First of all, Paul did not write that faith ALONE is what saves, but that faith apart from works of the law. So Paul does not set faith alone as the means of salvation, which would effectively remove grace as the means of salvation, if it were faith alone that saves. Specifically, Paul was insisting that it was no longer Mosaic Law that one could regard as the means of being righteous before God, which never could make one truly righteous even in OT times. His point is that it is only in Jesus Christ that we are saved. Since the time of the Reformation, many Protestants have become fixated on a slogan which is out of context, namely, that we are saved by faith alone. This is not only taking Paul out of context but is contradicted by other parts of Sacred Scripture, especially as found in the letter of James:
2:14 What does it profit, my brethren, if a man says he has faith but has not works? Can his faith save him? 2:15 If a brother or sister is ill-clad and in lack of daily food, 2:16 and one of you says to them, "Go in peace, be warmed and filled," without giving them the things needed for the body, what does it profit? 2:17 So faith by itself, if it has no works, is dead. 2:18 But some one will say, "You have faith and I have works." Show me your faith apart from your works, and I by my works will show you my faith. 2:19 You believe that God is one; you do well. Even the demons believe -- and shudder. 2:20 Do you want to be shown, you shallow man, that faith apart from works is barren? 2:21 Was not Abraham our father justified by works, when he offered his son Isaac upon the altar? 2:22 You see that faith was active along with his works, and faith was completed by works, 2:23 and the scripture was fulfilled which says, "Abraham believed God, and it was reckoned to him as righteousness"; and he was called the friend of God. 2:24 You see that a man is justified by works and not by faith alone.
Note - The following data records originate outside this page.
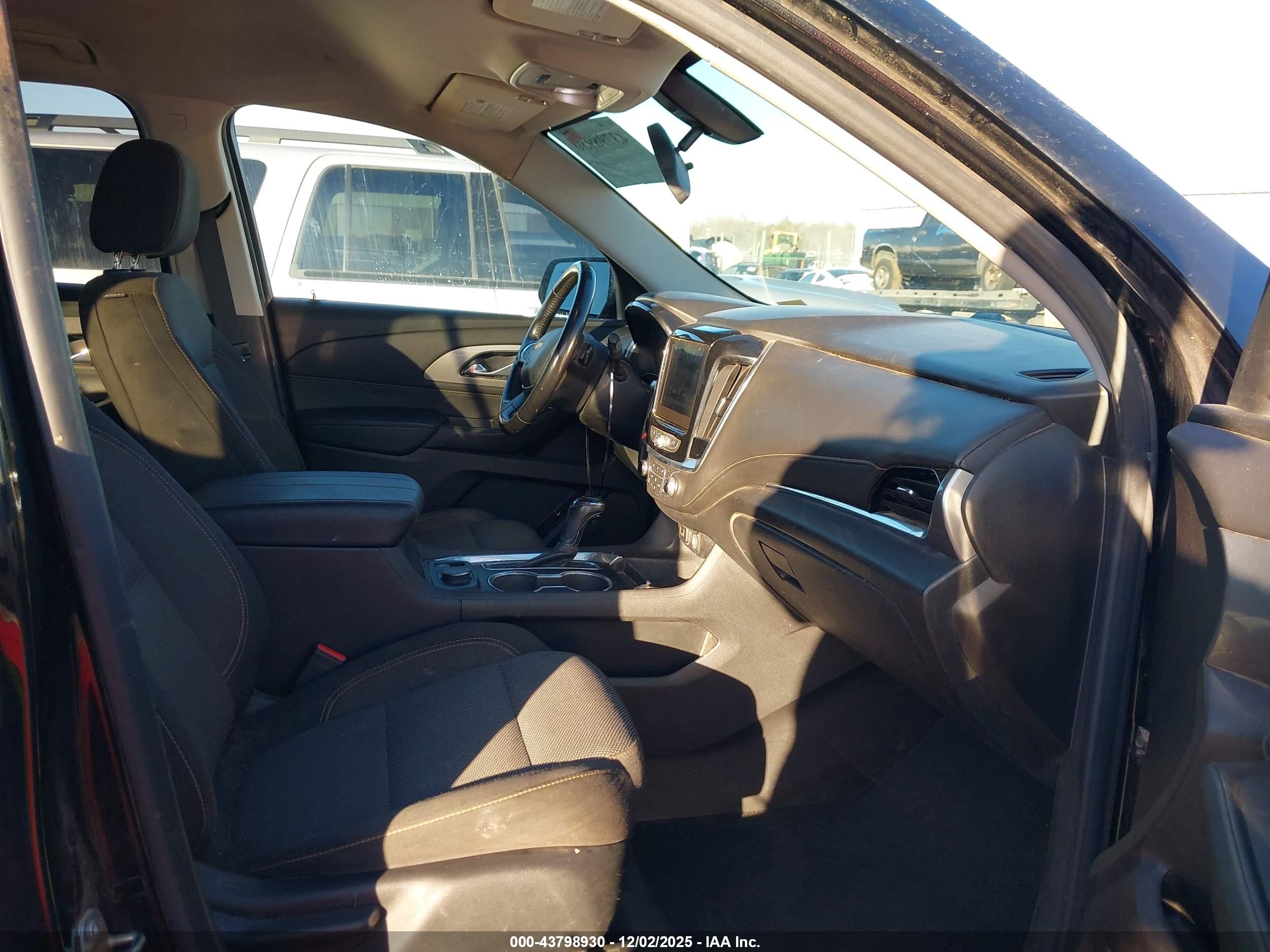 CHEVROLET TRAVERSE image 5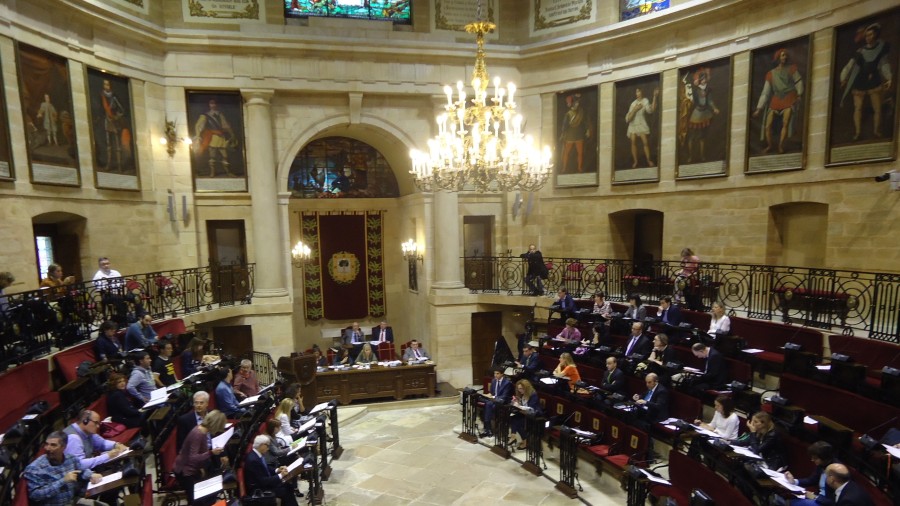 Legegintzaldiko lehenengo osoko bilkura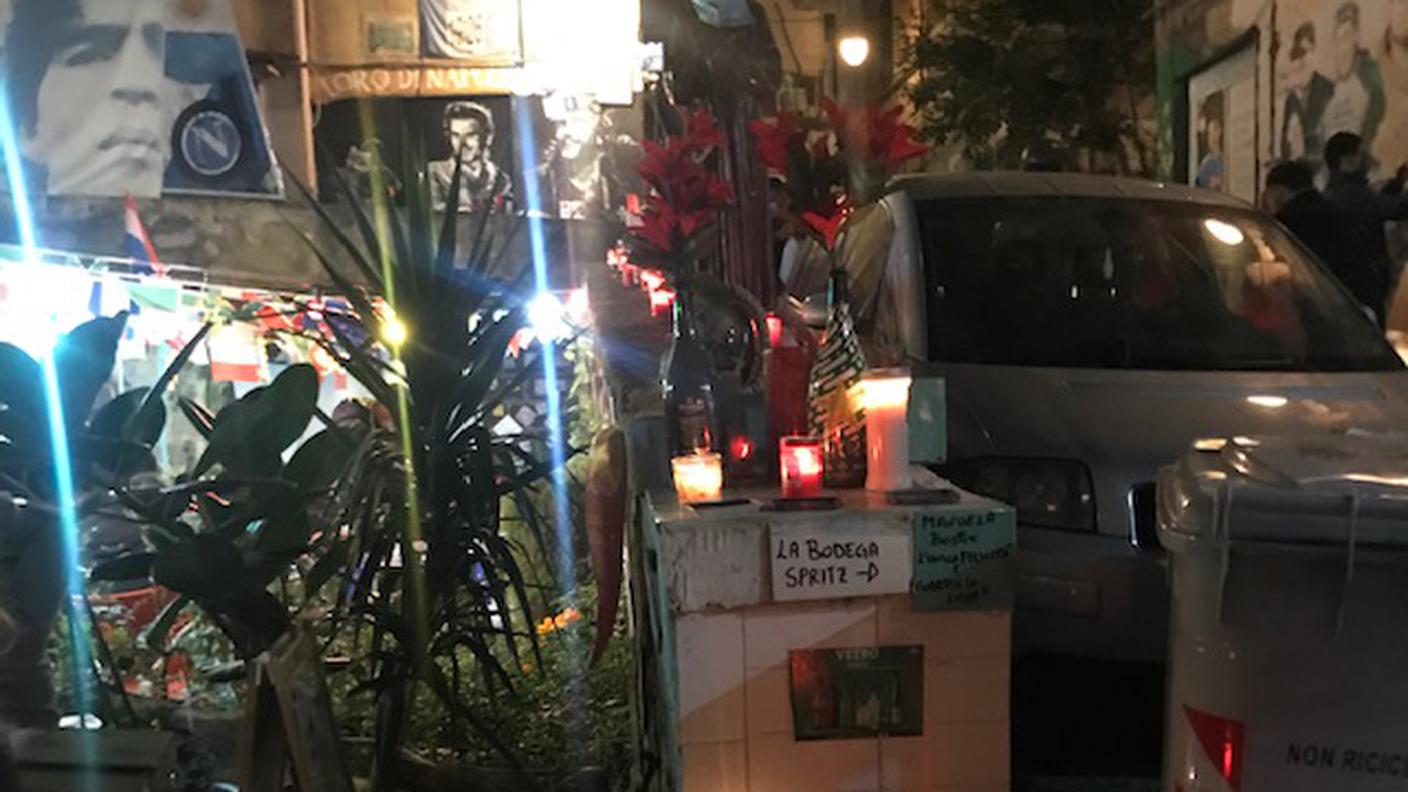 Ambiente ai quartieri spagnoli, Napoli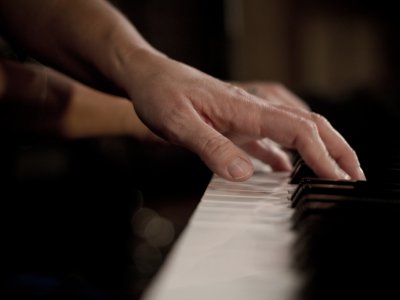 Dźwięki fortepianu będą towarzyszyć baśniowym historiom (fot. foter.com)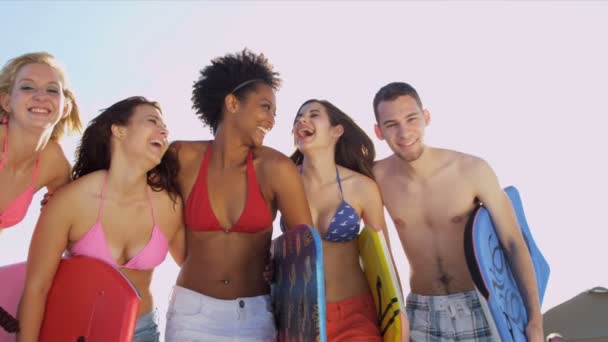 Les adolescents s'amusent sur la plage — Video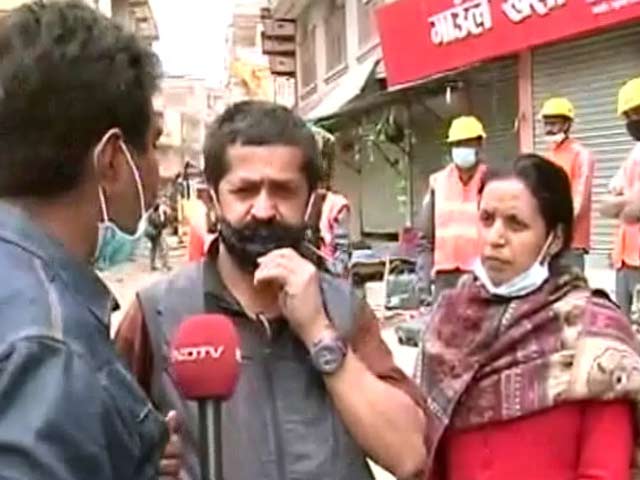 नेपाल में 50 घंटे बाद मलबे से निकली सुनीता
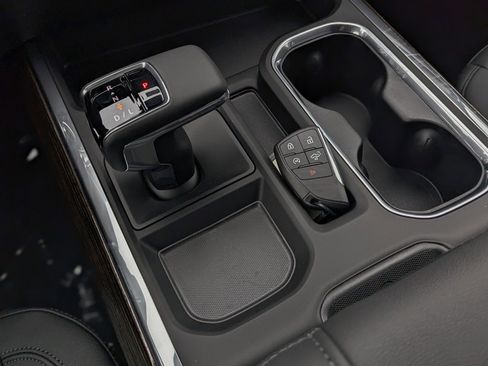 New 2026 GMC Sierra 1500 Elevation w/ Elevation Premium Package image 26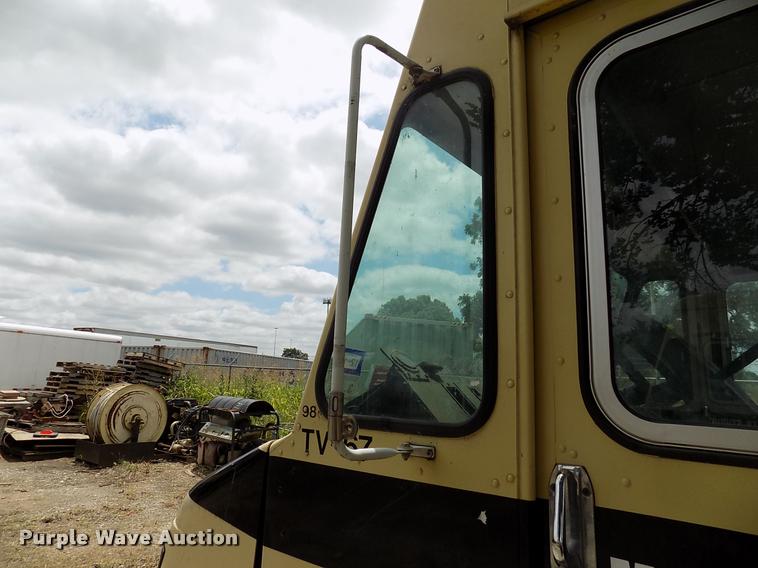 image for item DK9992 1998 Chevrolet P30 delivery truck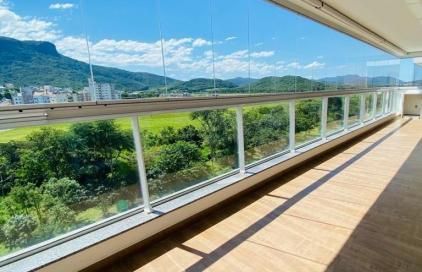 Apartamento com 3 quartos em Pedra Branca, Palhoça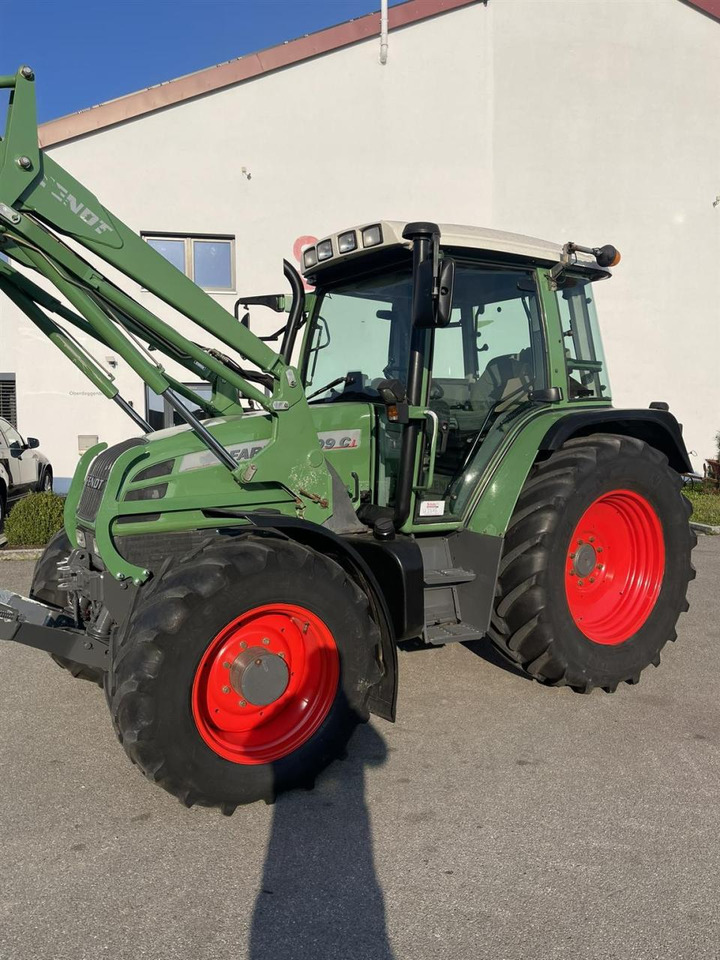 Fendt 309 Ci mit FL, Fh, Bj. 2005 - Traktor: das Bild 2 Fendt 309 Ci mit FL, Fh, Bj. 2005 - Traktor: das Bild 2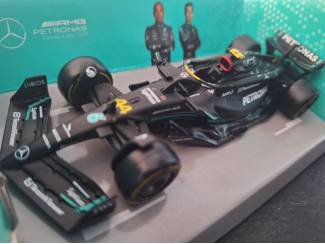Mercedes Benz AMG W14 #44  2023 L. Hamilton Schaal 1:43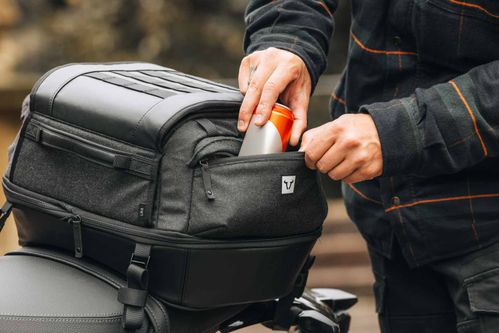 product item large slide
St. James is teaching us that works will proceed from authentic faith, not that works themselves are the means of salvation. And so we see that the writings of St. Paul and St. James are not only compatible but complementary: faith precedes justification with God and works proceed from one who has such faith. For one who lives radically contrary to the requirements of faith, such as a life of mortal sin, we should not expect that such a one is in a state of grace. And while Father Martin Luther and others in the Reformation wanted to throw out this letter from the NT, because it contradicted their misinterpretation of Paul, they were unsuccessful. Instead, it is either overlooked or misinterpreted. Sadly, millions upon millions of Protestants since then have been misled about this Biblical truth about salvation. Faith is the beginning step which makes us open to grace but it alone is not what is established as the normative means of salvation. The Gospel of John and much of the rest of the NT vigorously assert that baptism is the formal way by which one is incorporated into the life of Christ and is given saving grace.
Finally, while we cannot agree with the statement that we are saved by faith alone, we can agree that we are saved by grace alone. For our salvation is unmerited in every way and cannot be earned by faith or works. On the other hand, for those who are in a state of grace, their works do have merit for the present and the future, as our Lord teaches in several instances as recorded in the Gospels.
I know the Lord personally. There's no priest, no Mediatrix between me and Him. It's the greatest thing in the universe. It's not just a stubborn profession with dubious claims on baptism.
You need to re-think everything. I know a lot of ex-Romanists who would tell you the same thing.